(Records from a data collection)
▼▼▼

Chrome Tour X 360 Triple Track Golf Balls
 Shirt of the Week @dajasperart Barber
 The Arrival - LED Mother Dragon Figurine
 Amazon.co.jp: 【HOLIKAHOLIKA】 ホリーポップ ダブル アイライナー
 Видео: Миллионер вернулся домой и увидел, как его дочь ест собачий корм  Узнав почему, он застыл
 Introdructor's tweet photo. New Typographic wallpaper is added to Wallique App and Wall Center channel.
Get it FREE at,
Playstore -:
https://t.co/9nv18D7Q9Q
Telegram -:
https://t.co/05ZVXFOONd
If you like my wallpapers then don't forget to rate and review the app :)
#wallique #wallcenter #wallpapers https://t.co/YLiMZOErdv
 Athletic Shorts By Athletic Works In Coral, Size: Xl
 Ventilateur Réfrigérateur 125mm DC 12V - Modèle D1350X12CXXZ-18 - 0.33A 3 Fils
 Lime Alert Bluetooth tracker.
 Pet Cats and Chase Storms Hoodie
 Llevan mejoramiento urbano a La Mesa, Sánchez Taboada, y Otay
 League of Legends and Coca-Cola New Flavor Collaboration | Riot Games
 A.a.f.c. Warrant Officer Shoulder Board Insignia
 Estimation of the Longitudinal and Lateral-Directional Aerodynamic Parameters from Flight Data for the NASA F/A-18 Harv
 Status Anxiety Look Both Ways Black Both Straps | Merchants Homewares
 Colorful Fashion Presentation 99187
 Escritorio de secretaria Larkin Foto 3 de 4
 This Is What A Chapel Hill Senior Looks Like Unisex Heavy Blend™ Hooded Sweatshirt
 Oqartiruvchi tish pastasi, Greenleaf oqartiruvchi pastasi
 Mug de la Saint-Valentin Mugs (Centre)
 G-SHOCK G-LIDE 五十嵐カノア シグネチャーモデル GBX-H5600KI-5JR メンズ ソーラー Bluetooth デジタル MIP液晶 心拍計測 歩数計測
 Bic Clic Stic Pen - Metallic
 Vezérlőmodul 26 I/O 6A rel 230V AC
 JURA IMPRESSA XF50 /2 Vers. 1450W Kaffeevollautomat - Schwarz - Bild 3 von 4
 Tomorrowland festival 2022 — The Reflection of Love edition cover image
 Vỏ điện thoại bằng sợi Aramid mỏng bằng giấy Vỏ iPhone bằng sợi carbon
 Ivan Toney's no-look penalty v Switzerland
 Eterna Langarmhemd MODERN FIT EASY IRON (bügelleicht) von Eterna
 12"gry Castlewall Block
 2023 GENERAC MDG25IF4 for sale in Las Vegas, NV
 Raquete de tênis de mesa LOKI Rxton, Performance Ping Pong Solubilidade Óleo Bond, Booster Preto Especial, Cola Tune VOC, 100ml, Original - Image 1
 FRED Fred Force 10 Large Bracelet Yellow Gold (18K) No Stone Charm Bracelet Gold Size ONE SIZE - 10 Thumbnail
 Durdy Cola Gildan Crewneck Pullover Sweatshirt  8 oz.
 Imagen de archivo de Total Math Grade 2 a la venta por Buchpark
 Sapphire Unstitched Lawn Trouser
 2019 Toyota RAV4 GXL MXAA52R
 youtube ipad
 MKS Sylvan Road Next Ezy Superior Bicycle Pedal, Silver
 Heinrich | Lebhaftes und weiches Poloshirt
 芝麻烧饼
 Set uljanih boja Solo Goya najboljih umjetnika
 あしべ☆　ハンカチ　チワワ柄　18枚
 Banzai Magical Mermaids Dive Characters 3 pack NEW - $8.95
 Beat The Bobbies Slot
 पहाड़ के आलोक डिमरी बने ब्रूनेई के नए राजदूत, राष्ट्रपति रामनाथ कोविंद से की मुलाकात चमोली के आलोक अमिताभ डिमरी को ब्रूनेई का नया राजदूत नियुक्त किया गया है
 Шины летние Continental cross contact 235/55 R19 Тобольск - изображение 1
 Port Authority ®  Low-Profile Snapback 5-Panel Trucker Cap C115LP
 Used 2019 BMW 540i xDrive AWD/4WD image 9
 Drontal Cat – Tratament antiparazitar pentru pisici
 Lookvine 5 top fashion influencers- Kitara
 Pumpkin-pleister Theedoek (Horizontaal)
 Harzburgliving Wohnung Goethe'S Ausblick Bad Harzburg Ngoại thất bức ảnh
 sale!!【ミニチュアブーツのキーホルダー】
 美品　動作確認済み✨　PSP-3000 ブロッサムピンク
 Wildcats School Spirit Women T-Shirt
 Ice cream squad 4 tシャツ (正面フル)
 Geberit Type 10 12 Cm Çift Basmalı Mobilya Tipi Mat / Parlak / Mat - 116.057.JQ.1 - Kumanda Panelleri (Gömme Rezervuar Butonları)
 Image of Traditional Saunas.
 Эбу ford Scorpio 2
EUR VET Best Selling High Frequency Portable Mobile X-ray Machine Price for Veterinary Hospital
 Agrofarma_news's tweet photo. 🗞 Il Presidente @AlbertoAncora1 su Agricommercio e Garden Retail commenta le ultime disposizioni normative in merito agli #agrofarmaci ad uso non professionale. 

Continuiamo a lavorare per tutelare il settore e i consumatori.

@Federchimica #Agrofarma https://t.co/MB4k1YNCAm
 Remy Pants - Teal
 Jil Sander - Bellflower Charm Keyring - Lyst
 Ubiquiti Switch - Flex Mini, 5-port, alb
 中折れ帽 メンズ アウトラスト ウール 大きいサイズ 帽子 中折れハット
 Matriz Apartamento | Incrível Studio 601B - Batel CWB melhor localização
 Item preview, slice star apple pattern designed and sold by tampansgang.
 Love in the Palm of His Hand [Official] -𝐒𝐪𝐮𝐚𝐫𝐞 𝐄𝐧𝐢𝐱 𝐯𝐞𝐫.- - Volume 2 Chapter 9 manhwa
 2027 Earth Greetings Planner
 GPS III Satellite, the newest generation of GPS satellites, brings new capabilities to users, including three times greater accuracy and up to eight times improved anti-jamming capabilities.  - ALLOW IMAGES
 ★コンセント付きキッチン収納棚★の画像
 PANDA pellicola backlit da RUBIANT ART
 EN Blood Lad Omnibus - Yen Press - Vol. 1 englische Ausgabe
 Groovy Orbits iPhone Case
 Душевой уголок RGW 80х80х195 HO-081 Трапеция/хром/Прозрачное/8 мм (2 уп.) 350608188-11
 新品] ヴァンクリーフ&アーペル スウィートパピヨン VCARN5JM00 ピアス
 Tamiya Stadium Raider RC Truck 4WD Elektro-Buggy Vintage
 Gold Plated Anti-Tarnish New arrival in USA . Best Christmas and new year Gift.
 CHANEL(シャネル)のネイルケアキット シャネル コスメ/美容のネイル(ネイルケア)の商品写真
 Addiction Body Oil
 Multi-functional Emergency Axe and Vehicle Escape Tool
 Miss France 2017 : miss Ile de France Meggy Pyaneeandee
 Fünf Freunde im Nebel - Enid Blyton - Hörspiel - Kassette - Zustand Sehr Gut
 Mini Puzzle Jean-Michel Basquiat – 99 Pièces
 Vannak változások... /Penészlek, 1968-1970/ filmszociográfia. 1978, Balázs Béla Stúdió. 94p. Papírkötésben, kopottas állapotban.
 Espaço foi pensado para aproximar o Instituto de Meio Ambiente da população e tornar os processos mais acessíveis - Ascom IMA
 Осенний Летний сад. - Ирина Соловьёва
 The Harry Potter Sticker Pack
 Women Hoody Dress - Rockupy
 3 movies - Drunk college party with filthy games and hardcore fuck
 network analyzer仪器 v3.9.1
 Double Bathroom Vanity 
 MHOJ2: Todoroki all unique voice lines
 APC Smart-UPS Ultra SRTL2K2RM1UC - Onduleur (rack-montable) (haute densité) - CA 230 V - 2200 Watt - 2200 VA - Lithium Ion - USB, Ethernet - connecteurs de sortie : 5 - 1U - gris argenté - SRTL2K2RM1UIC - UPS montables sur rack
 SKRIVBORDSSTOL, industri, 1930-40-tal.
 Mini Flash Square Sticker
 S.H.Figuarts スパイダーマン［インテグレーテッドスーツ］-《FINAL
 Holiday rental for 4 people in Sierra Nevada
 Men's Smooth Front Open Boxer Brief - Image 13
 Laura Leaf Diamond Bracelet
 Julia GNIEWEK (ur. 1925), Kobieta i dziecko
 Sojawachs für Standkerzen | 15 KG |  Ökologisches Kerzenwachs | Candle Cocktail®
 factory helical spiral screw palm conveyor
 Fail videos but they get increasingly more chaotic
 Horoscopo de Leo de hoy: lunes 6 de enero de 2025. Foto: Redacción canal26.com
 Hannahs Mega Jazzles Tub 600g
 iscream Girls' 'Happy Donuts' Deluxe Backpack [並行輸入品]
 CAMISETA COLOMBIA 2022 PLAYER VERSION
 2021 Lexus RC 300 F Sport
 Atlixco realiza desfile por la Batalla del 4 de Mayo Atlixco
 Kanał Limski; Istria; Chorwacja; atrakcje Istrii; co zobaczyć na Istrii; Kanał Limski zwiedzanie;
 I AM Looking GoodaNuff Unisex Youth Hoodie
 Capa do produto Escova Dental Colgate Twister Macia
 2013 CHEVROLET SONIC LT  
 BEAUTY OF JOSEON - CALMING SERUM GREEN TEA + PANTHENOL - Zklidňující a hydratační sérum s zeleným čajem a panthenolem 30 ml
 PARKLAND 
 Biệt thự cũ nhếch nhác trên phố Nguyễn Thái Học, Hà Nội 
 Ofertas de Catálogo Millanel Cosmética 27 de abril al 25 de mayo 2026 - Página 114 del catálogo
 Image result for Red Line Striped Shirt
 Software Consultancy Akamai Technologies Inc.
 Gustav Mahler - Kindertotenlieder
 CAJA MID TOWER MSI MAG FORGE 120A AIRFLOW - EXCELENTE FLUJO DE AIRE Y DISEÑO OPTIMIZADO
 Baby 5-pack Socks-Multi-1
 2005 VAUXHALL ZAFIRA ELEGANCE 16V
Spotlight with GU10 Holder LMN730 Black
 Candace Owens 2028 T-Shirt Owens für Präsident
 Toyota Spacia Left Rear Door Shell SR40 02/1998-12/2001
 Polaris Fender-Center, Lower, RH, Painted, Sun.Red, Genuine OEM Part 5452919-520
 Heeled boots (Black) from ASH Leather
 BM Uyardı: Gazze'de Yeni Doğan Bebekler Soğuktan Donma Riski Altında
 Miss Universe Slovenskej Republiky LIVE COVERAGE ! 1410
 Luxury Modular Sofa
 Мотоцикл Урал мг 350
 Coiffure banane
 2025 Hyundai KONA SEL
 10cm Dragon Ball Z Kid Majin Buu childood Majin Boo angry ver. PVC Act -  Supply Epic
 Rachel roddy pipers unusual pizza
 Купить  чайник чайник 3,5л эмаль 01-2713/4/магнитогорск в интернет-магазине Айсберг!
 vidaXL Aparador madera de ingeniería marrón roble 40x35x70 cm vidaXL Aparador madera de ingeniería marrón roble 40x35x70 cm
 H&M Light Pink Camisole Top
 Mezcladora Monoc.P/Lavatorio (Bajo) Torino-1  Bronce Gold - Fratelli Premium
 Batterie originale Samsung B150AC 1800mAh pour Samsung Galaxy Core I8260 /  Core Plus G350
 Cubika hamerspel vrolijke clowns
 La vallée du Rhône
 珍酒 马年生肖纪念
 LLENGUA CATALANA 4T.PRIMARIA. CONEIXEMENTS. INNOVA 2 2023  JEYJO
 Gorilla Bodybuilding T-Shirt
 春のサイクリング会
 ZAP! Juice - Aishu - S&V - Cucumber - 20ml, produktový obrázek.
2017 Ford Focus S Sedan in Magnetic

▲▲▲

### [WORK ORDER]
Look through the records above for the string "iPhone", then copy every line that has it.

### [OUTPUT BELOW]
 Vỏ điện thoại bằng sợi Aramid mỏng bằng giấy Vỏ iPhone bằng sợi carbon
 Groovy Orbits iPhone Case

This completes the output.